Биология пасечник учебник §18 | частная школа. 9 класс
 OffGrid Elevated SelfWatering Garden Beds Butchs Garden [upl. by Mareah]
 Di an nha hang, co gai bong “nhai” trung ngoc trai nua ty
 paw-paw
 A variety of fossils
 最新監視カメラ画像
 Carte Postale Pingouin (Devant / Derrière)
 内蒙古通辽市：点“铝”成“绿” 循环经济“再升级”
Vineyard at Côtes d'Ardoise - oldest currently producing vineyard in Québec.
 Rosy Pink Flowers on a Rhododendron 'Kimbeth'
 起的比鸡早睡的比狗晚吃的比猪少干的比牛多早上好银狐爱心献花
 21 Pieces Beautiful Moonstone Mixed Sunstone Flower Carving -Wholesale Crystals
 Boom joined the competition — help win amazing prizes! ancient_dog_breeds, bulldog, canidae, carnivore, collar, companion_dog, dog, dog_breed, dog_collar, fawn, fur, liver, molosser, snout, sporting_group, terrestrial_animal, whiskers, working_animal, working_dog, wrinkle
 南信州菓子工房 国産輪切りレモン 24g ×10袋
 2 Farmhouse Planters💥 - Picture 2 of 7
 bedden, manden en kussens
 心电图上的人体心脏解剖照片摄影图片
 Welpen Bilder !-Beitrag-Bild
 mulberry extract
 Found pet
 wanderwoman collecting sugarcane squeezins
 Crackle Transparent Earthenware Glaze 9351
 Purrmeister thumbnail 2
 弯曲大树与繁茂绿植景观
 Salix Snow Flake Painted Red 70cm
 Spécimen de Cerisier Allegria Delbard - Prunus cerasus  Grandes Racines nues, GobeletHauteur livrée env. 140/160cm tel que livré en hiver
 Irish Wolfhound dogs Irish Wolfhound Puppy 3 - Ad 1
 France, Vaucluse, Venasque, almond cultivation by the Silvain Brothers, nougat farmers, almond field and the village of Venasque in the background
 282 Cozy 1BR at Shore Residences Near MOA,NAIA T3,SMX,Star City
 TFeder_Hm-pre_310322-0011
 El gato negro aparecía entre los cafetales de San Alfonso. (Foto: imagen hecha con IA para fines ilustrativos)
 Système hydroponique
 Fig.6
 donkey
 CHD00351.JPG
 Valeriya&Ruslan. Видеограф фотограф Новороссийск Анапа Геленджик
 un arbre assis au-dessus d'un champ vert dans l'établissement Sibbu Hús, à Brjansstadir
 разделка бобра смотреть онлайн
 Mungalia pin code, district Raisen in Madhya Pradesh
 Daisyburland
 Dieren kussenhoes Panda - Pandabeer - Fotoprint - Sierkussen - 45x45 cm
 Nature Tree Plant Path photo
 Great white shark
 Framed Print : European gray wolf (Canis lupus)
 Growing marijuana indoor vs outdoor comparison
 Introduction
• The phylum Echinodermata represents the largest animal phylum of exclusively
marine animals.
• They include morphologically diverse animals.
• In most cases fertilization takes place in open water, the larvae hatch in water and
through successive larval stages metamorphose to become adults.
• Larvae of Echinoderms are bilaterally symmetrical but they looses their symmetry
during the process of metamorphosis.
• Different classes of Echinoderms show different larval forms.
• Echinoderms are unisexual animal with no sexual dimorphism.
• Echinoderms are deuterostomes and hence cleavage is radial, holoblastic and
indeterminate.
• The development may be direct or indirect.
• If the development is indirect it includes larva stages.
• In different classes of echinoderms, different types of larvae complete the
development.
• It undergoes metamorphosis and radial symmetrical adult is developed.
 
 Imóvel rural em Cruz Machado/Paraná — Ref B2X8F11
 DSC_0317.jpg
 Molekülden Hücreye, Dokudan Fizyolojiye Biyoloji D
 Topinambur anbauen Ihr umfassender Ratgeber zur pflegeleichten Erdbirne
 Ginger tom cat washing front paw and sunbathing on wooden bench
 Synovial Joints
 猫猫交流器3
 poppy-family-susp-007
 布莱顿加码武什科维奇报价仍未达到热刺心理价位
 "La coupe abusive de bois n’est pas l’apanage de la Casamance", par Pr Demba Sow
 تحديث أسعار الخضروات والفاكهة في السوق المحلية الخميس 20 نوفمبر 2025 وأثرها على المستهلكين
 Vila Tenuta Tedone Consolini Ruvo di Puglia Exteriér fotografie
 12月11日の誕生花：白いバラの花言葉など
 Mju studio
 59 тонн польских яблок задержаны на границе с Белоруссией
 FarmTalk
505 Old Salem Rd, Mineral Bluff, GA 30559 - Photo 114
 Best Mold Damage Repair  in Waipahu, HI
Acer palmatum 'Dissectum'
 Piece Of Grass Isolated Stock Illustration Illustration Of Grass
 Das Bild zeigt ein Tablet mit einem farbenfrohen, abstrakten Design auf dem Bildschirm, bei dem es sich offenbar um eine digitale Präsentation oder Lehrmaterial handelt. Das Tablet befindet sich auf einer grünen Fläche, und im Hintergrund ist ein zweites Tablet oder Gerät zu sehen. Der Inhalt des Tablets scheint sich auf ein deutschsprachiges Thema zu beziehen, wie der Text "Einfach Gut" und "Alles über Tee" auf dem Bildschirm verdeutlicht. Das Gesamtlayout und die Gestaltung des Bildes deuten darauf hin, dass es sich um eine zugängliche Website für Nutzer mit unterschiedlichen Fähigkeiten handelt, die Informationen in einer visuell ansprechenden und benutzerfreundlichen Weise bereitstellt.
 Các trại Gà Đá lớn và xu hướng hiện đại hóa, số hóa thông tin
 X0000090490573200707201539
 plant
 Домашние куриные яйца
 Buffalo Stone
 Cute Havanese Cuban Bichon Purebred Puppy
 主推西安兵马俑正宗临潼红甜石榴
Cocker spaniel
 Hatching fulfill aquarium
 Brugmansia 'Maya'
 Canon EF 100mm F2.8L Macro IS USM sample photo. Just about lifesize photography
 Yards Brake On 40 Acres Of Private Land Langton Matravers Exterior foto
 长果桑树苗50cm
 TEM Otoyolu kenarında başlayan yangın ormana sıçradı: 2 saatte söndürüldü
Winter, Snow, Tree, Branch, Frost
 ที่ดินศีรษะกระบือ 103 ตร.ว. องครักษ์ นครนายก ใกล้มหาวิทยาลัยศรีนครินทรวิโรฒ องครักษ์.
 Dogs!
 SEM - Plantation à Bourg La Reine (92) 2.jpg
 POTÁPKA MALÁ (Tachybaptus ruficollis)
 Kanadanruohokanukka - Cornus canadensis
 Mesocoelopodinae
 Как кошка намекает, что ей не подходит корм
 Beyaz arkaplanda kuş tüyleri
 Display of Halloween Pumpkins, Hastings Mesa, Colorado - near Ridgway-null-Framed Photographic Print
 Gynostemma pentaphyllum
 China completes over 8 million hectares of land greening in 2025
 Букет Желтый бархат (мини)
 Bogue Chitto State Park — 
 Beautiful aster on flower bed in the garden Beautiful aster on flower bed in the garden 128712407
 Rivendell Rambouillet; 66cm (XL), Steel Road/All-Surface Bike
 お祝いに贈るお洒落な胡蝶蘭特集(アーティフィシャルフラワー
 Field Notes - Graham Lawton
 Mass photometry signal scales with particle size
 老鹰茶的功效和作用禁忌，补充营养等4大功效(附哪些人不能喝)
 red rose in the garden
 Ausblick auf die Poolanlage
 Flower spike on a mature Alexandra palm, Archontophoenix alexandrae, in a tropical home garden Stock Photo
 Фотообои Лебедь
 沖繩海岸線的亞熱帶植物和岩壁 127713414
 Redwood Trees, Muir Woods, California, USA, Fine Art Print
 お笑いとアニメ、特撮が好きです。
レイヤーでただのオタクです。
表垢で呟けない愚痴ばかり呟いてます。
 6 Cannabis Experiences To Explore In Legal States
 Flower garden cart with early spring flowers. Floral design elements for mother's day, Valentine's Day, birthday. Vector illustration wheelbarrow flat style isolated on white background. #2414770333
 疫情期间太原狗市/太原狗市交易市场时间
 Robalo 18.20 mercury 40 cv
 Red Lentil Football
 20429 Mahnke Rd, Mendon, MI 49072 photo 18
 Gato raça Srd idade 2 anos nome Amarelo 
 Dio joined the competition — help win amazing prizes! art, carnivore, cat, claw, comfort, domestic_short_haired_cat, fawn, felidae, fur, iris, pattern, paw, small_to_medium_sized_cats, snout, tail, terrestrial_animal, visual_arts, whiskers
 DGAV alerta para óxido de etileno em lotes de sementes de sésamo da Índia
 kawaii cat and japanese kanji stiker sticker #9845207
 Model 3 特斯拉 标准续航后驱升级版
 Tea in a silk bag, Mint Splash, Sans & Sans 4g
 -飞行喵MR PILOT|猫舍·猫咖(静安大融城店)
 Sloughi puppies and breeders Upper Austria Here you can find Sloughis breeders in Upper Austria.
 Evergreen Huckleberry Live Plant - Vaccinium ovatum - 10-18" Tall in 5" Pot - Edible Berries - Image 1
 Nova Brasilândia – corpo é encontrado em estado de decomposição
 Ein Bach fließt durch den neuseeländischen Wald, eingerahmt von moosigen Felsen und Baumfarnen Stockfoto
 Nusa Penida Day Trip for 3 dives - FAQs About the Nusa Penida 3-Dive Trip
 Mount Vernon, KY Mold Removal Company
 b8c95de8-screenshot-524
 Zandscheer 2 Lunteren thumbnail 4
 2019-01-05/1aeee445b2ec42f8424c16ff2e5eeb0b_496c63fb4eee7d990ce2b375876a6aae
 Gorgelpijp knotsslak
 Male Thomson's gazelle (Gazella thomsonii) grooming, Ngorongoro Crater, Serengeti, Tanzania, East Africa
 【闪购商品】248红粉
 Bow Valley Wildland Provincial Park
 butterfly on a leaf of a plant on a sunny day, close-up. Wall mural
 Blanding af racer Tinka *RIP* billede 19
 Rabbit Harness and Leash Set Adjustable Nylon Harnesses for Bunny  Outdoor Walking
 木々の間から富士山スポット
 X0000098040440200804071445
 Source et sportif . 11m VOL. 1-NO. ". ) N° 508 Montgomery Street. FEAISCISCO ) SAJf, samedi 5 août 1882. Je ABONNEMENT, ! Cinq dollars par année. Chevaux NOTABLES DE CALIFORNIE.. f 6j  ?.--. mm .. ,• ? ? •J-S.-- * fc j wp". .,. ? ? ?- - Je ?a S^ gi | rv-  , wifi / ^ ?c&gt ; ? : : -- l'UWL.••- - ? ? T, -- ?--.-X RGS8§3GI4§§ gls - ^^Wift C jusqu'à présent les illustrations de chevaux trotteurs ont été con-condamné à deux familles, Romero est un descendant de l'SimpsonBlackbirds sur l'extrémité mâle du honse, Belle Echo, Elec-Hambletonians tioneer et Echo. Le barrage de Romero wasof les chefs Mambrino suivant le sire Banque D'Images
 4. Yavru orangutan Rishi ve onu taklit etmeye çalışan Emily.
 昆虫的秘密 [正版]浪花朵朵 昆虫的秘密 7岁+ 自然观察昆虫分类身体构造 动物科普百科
★ ★ ★
◆ What is needed:
State the number of lines in the records that hold the string "stages", and add nothing.

◆ Your response:
2